I overlapped with Jahren at UC Berkeley. We were grad students in different departments, and I don't think we ever met, but we probably had friends in common.

Cynthia Dwork and Aaron Roth, The Algorithmic Foundations of Differential Privacy.

A monograph summarizing the state of the field of differential privacy, written by the originator of the field and one of her frequent collaborators. It's fairly technical, but it doesn't assume any prior expertise with differential privacy specifically.

The most important thing to realize about differential privacy is that it's a definition, not a mechanism or an algorithm or a technique. We assume we have some dataset and want to compute something about it — the number of users in some category, for example. The intuition is that if a computation respects privacy then the result shouldn't change enough to notice if we add or remove a single record, hence the “differential” part. Or more formally: we restrict ourselves to randomized computations, since exact answers always let us learn something about individuals, and we define a computation M to be ε-differentially private if, for any possible set of results S, P[M(x) ∈ S] ≤ exp(ε) P[M(x') ∈ S] whenever x and x' are datasets that differ by a single row. There's also a related notion of (ε,δ)-differential privacy; I don't yet have a good intuition for how to think about the differences betwen (ε,δ)-differential privacy and (ε,0)-differential privacy.

The reason this definition is important is that it captures at least some of our intuitions about what it means to realease a value computed from a dataset that doesn't compromise the privacy of anyone whose data is included, and it has the important property that postprocessing a differentially private computation or combining the result with auxiliary information doesn't change the fact that it's differentially private, and it turns out that at least some of the questions we would like to ask about datasets can be answered in ways that satisfy differential privacy without giving up too much accuracy, for example by adding an appropriate amount of Laplacian or Gaussian noise.

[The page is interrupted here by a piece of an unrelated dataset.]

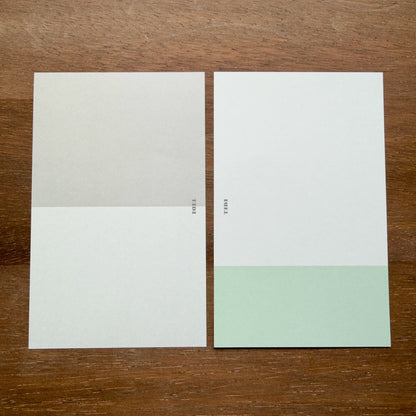 2トーンリフィル・グリーン | ミニ6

Differential privacy is an active research field, and it's connected to a lot of other research areas. There's a chapter on differentially private machine learning, but even in other chapters there are similarities between some of the techniques of differential privacy and machine learning. Perhaps this shouldn't be surprising; if you squint appropriately, both machine learning and privacy are about generalization. One of the sections I found most interesting, which unfortunately was brief, was the definition of ε-computationally differential privacy, which weakens differential privacy to allow (roughly) a computation where the presence or absence of a single record doesn't change the result in a way that can be exploited in polynomial time. I have the impression that there hasn't been much work on that concept yet.

Ryan North (writer) and Erica Henderson (artist), The Unbeatable Squirrel Girl vol. 3: Squirrel, You Really Got Me Now.

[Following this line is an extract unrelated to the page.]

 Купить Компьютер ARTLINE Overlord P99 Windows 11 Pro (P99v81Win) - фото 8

Collecting issue 1–5 of The Unbeatable Squirrel Girl (2015B), plus Howard the Duck #5 for the crossover story. In this run we learn, among other things, that Squirrel Girl (a.k.a. Doreen Green) knows how to program in C++ and Doctor Doom doesn't.

Ryan North (writer) and Erica Henderson (artist), The Unbeatable Squirrel Girl (vol. 1)

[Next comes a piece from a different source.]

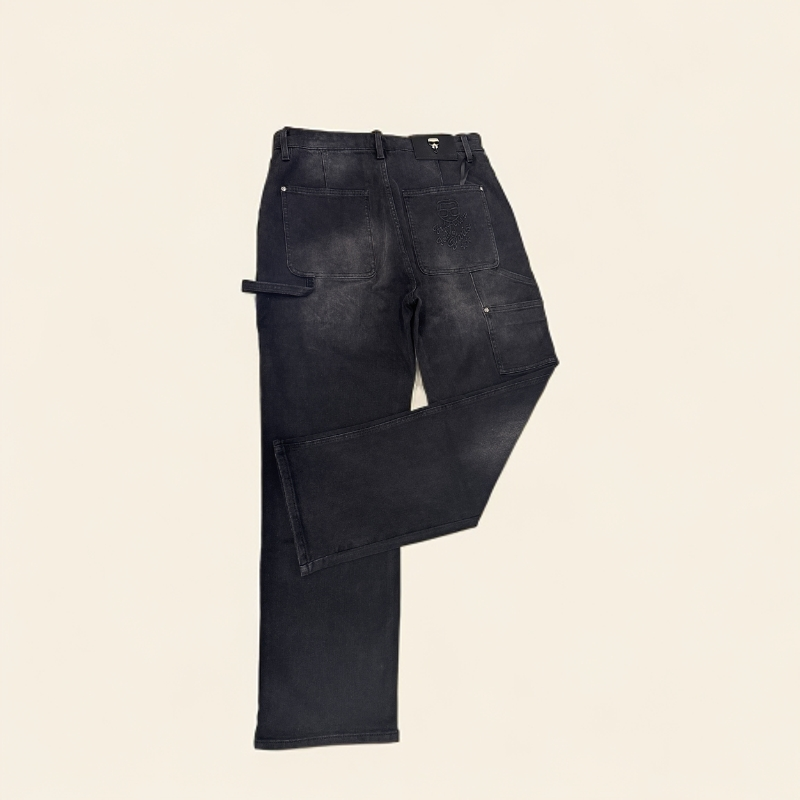  FEIDIMR男士加厚时尚潮流加厚伐木牛仔裤062171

This book collects the eight issues of The Unbeatable Squirrel Girl (2015) plus a few of the older comics that she appears in, including the 1991 Marvel Super-Heroes vol. 2 #8 where she first appears, where she teams up with Iron Man and defeats Doctor Doom.

Winston S. Churchill, The World Crisis: 1915

The year 1915 was fated to be disastrous to the cause of the Allies and to the whole world. By the mistakes of this year the opportunity was lost of confining the conflagration within limits which though enormous were not uncontrolled. Thereafter the fire roared on till it burnt itself out. Thereafter events passed very largely outside the scope of conscious choice. Governments and individuals conformed to the rhythm of the tragedy, and swayed and staggered forward in helpless violence, slaughtering and squandering on ever-increasing scales, till injuries were wrought to the structure of human society which a century will not efface, and which may conceivably prove fatal to the present civilization.

Arguably overblown, and certainly self-serving. (This is the second volume of Churchill's War memoirs, and the one that focuses on Gallipoli.) Also largely correct.